It’s strange to suddenly realize we live in a world where
based-on-a-self-help-book is a real subgenre of the romantic comedy. Sure, we
had He’s Just Not That Into You back
in 2009, but that felt like more of a fluke offshoot of the Love Actually school of ensemble rom-coms.
(And, of course, there was Woody Allen’s Everything
You Always Wanted to Know About Sex But Were Afraid to Ask all the way back
in 1972, but that’s really more of a collection of shorts and hardly a romantic
comedy, so we may as well leave it out of this particular conversation). But
with What to Expect When You’re Expecting
coming out next month and Think Like a
Man (based on Steve Harvey’s bestselling Act Like a Lady, Think Like a Man) being the film in question here
today, it’s become almost natural that a self help book be converted into a
framework for an ensemble to fall in and out of love.

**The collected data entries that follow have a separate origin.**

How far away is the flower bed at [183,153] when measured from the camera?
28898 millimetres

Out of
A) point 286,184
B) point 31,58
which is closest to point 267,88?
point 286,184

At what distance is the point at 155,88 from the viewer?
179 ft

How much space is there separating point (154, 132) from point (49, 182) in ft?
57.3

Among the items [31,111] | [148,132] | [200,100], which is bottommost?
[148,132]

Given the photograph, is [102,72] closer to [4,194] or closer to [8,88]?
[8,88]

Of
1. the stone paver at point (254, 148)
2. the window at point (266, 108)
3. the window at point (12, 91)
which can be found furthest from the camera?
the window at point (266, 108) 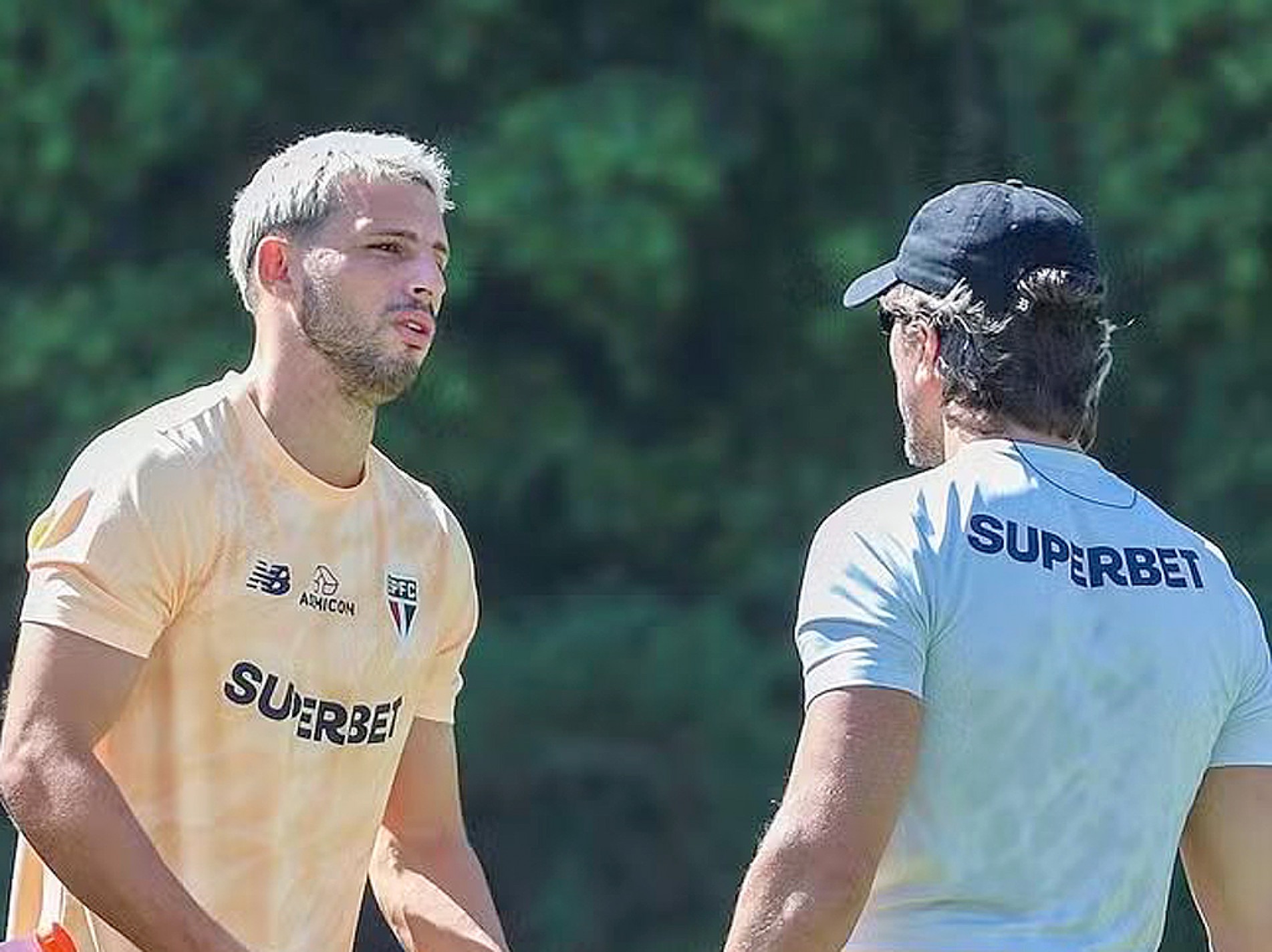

Harvey’s book is a relationship guide for women that claims
to unlock the mysteries of the modern man’s mind. These so-called mysteries can
then be used to find and win the heart of the types of men these women would
prefer to be dating. In practice, the book’s worldview is one of rigid gender
roles and insulting stereotypes for both men and women. And maybe it’s just me,
but somehow the introduction of psychological warfare by way of hack standup
routines seems to be at or near the opposite of romance and the foundation of a
happy, healthy, adult relationship. The problem of Think Like a Man isn’t that it’s based off of a lame book, or even
that it uses the book’s premises as cheap frames for its plotlines
(introductory titles like “The Player” and “Mama’s Boy vs. Single Mom” spell
out each couple’s “types” and central conflicts for us). The problem of this
film is that it’s so often in the business of selling us the book.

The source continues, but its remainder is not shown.